Statement by Chad Stone, Chief Economist, on the July Employment Report
Today's disappointing employment report lends greater urgency to lawmakers' efforts to craft a second round of effective economic stimulus legislation that Congress can enact quickly when it returns in September. Consumer spending supported by the stimulus payments that Congress enacted earlier this year has kept the economy from being even weaker than it is. But those effects won't last, and nothing in the latest data suggests the economy is on the verge of a spontaneous rebound.
July was the seventh straight month of job declines, with employers shedding a cumulative 463,000 jobs so far this year. The official unemployment rate rose to 5.7 percent in July, but other indicators show even greater labor market weakness. For example, the Labor Department's most comprehensive alternative unemployment rate measure -- which includes people who want to work but are discouraged from looking and people working part time because they can't find full-time jobs -- stood at 10.3 percent in July. In addition, roughly 1 in every 5 of the 8.8 million unemployed has not been able to find a job despite looking for 27 weeks or more.
Most forecasters expect the unemployment rate to keep rising toward 6 percent in the second half of the year because they do not see underlying strength in an economy that continues to fight the headwinds of high food and energy prices, ongoing housing market woes, and credit market jitters. The economy expanded at a smaller-than-expected 1.9 percent pace in the second quarter, but most analysts believe that things would have been significantly worse without the boost to consumption from the stimulus payments. Previous growth estimates were also revised down, to 0.9 percent growth in the first quarter and a contraction of 0.2 percent in the fourth quarter of 2007.
While the enacted stimulus payments will continue to provide support for the economy in the current quarter, their effect will wear off by the end of the year. The weak growth that is forecast for the rest of 2008 and into 2009 suggests that an economic package providing a well-targeted second round of fiscal stimulus would benefit the economy, as well as state governments and those individuals who are feeling the effects of the weak economy the most. Such a package would be most effective if it focuses on providing assistance to those who are experiencing the greatest hardship and goes where it will be spent most quickly and thus have the largest stimulus impact.

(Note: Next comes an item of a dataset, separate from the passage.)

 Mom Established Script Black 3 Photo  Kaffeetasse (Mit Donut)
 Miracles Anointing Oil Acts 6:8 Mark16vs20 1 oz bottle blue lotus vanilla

A good place to start would be worthwhile measures that were left out of the first stimulus package. Those include a temporary increase in aid to state governments to help them avoid budget cuts and tax increases and a temporary increase in food stamp benefits. These have a high fiscal stimulus bang-for-the-buck because they would be spent quickly. An increase in low-income home energy assistance (LIHEAP) would be well-timed to keep low-income households from cutting back on other purchases when facing high energy bills. Policymakers did enact an additional 13 weeks of unemployment insurance (UI) benefits recently for workers exhausting their regular benefits, but additional assistance to unemployed workers would be very effective stimulus as well. As with the first stimulus package, the three T's - timely, targeted, and temporary - should be the guiding principles in designing an effective package.